The task:
Your task is to copy every line of this material exactly.

Data below:
------

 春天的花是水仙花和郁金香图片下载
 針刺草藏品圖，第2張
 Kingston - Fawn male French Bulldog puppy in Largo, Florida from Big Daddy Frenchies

------

Result below:
 春天的花是水仙花和郁金香图片下载
 針刺草藏品圖，第2張
 Kingston - Fawn male French Bulldog puppy in Largo, Florida from Big Daddy Frenchies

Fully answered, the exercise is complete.